◆ **Exercise directions**
Return the lines below that contain "pour".
Exercise input below:
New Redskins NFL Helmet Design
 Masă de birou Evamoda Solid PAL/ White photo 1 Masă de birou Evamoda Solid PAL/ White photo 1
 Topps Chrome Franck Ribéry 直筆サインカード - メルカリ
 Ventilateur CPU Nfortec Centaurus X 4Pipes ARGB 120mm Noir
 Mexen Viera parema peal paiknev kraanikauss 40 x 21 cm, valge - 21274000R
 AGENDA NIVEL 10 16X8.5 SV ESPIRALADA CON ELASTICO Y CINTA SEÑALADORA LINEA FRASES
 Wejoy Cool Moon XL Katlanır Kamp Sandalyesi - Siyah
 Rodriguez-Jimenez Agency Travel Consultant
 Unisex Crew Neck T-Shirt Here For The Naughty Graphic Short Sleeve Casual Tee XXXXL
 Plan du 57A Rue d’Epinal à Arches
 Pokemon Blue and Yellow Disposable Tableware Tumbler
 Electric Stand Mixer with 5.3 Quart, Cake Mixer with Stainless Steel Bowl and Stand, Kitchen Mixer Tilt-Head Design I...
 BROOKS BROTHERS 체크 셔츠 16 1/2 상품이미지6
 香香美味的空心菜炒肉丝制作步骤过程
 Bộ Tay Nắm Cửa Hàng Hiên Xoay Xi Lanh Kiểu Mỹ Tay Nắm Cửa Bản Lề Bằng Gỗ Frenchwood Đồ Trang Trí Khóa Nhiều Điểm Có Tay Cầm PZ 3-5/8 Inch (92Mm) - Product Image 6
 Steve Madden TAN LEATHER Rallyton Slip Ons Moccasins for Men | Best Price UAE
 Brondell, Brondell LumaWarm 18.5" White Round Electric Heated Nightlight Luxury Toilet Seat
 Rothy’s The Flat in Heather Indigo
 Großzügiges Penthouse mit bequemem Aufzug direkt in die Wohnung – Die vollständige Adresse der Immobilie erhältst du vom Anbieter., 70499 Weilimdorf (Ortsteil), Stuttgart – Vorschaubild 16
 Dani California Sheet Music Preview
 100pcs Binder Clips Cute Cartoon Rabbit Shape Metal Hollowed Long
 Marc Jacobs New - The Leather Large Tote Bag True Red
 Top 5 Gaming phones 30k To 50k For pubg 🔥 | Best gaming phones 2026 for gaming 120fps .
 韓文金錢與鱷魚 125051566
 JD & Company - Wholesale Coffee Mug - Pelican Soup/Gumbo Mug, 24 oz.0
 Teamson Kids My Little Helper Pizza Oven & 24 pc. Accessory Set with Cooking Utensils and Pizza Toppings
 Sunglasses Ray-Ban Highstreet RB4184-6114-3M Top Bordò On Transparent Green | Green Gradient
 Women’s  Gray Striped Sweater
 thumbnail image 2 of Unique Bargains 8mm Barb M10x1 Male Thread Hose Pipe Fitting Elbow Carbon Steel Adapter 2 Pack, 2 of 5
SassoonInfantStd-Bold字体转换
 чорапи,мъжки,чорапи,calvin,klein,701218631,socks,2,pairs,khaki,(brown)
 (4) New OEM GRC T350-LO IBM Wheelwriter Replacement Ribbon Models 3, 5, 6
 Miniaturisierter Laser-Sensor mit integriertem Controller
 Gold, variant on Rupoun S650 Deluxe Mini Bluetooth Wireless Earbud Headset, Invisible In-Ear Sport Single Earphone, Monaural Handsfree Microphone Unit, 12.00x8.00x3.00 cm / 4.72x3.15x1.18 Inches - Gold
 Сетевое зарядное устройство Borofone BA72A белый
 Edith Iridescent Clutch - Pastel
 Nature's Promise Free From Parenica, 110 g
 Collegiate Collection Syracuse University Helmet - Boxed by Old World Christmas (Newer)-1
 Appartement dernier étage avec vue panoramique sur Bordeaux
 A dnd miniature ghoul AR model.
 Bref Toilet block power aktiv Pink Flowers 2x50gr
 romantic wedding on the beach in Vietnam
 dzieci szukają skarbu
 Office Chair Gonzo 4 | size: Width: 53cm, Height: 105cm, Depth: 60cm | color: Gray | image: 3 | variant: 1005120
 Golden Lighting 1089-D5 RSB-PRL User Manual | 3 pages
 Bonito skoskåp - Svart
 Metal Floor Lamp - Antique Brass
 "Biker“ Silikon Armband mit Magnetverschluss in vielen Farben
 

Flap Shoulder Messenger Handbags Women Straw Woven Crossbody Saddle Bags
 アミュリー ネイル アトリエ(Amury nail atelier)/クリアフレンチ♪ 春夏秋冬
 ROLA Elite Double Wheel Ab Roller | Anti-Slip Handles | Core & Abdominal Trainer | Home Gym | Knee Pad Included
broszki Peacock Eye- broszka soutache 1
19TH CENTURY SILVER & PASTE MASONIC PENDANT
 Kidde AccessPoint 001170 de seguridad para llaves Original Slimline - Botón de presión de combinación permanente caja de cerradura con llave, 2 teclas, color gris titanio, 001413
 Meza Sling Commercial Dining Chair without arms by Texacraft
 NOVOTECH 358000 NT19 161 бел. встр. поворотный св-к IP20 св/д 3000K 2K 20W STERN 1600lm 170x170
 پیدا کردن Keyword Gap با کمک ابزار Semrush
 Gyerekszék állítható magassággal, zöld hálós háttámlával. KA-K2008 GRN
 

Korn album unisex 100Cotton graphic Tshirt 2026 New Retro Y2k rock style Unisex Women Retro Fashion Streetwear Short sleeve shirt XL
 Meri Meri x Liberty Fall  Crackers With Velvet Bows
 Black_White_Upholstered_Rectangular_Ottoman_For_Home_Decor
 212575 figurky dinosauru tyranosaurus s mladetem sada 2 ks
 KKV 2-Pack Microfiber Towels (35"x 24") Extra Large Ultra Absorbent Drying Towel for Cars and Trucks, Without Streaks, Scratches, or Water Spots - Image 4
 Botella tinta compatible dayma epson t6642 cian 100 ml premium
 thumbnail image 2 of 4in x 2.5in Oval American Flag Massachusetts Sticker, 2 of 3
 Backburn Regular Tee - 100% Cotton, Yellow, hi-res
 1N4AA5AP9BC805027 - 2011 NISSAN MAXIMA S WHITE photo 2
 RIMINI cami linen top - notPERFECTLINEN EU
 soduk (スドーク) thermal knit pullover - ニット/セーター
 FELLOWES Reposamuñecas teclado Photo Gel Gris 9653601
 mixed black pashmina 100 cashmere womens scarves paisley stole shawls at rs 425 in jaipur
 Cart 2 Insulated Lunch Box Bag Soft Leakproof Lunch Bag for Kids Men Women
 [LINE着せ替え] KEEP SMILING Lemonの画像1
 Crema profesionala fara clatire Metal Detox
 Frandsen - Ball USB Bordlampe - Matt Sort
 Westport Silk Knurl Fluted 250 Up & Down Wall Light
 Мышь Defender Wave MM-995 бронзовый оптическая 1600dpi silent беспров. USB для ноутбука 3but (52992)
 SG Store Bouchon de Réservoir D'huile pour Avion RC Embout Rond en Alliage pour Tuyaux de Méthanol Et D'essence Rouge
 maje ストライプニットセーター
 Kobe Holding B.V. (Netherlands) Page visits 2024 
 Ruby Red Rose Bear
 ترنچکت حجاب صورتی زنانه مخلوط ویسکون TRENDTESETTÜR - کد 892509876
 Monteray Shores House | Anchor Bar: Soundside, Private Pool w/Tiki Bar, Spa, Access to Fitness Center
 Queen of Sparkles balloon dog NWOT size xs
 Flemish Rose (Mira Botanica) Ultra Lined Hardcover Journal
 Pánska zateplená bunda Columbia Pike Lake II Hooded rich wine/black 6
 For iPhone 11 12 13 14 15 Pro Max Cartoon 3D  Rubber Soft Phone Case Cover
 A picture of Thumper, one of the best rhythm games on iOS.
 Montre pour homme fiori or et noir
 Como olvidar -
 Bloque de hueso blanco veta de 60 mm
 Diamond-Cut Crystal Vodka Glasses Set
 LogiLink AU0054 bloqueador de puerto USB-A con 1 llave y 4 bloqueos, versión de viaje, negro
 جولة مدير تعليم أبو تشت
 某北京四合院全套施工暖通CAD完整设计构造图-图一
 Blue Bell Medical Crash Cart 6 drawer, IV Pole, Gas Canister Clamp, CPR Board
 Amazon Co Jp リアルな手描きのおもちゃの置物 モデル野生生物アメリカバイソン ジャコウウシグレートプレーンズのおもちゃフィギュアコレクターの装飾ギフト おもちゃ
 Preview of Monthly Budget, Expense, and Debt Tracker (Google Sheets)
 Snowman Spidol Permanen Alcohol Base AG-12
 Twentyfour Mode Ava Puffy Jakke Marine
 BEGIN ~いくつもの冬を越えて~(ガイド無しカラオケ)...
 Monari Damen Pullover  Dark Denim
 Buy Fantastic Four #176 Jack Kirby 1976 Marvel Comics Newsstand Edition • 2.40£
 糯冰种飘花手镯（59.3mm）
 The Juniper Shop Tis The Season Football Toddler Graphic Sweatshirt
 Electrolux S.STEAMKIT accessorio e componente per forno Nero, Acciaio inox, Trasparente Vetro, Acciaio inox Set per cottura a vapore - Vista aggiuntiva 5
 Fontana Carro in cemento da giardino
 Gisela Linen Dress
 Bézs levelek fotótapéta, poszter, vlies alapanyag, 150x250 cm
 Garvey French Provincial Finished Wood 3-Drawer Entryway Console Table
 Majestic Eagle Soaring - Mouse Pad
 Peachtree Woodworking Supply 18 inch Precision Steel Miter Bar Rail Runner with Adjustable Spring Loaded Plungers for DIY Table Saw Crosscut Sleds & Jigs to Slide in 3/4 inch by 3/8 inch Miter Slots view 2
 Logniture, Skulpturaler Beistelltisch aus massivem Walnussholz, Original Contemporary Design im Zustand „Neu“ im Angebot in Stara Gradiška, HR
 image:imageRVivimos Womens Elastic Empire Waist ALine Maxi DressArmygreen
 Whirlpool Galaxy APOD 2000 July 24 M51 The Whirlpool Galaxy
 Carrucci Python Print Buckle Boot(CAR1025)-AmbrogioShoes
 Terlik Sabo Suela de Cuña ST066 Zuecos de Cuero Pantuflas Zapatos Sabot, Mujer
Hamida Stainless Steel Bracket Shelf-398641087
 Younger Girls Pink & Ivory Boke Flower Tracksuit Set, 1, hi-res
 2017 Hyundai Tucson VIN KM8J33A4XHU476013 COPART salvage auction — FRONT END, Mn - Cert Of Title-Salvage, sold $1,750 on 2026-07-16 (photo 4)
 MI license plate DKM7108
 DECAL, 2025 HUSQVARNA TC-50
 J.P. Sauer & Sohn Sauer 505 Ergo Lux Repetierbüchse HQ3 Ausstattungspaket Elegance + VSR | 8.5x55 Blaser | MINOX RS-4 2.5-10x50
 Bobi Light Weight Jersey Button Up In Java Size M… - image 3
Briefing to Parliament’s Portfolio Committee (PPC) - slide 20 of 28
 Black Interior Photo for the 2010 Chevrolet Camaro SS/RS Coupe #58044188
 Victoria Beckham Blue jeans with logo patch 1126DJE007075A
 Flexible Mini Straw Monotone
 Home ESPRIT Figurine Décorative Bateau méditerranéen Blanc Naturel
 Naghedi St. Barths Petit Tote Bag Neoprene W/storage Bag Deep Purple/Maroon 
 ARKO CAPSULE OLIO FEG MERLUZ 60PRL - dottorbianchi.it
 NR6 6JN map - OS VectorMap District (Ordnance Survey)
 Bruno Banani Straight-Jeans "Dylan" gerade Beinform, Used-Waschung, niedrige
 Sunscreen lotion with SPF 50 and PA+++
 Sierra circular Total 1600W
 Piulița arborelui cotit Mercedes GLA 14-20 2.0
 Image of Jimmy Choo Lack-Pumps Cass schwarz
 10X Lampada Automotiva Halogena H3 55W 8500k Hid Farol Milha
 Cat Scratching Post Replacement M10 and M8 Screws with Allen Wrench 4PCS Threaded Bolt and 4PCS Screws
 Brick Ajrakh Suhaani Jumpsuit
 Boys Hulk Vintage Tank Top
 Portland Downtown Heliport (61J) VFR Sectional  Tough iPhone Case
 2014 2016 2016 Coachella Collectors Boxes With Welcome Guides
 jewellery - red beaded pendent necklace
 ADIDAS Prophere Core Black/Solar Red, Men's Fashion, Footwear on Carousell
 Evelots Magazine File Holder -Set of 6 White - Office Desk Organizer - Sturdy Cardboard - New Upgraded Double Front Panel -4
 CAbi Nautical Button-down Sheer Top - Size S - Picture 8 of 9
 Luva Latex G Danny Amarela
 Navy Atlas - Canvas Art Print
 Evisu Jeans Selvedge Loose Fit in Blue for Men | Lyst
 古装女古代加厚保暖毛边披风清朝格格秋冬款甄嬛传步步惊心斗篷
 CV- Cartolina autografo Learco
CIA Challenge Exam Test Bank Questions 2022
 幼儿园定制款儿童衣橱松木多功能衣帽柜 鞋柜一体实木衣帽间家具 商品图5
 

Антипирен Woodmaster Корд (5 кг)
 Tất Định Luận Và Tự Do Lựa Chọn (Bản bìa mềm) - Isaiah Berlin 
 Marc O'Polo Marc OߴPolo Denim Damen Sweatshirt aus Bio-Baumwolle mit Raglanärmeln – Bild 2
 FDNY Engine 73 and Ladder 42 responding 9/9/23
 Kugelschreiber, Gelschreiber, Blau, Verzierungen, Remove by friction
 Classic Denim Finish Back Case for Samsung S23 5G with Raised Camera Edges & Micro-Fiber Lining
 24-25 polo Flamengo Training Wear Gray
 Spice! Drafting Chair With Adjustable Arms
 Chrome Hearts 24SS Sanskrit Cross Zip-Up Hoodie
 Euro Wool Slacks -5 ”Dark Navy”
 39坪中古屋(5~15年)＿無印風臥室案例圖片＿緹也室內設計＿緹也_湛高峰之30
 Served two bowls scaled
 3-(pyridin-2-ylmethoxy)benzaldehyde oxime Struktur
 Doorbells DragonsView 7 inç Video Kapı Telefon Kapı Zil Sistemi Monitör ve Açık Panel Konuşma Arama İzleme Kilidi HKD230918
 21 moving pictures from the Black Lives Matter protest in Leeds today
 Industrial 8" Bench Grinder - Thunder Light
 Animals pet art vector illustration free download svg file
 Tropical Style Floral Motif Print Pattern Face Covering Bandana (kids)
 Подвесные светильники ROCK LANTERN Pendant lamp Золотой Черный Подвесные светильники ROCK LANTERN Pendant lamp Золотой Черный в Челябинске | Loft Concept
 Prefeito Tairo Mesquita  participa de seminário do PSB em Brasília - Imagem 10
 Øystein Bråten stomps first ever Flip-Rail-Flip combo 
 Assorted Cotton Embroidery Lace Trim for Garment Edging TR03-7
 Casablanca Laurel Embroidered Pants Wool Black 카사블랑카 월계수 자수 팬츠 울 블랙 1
End of Exercise input.
◆ **Your response**
 SG Store Bouchon de Réservoir D'huile pour Avion RC Embout Rond en Alliage pour Tuyaux de Méthanol Et D'essence Rouge
 Montre pour homme fiori or et noir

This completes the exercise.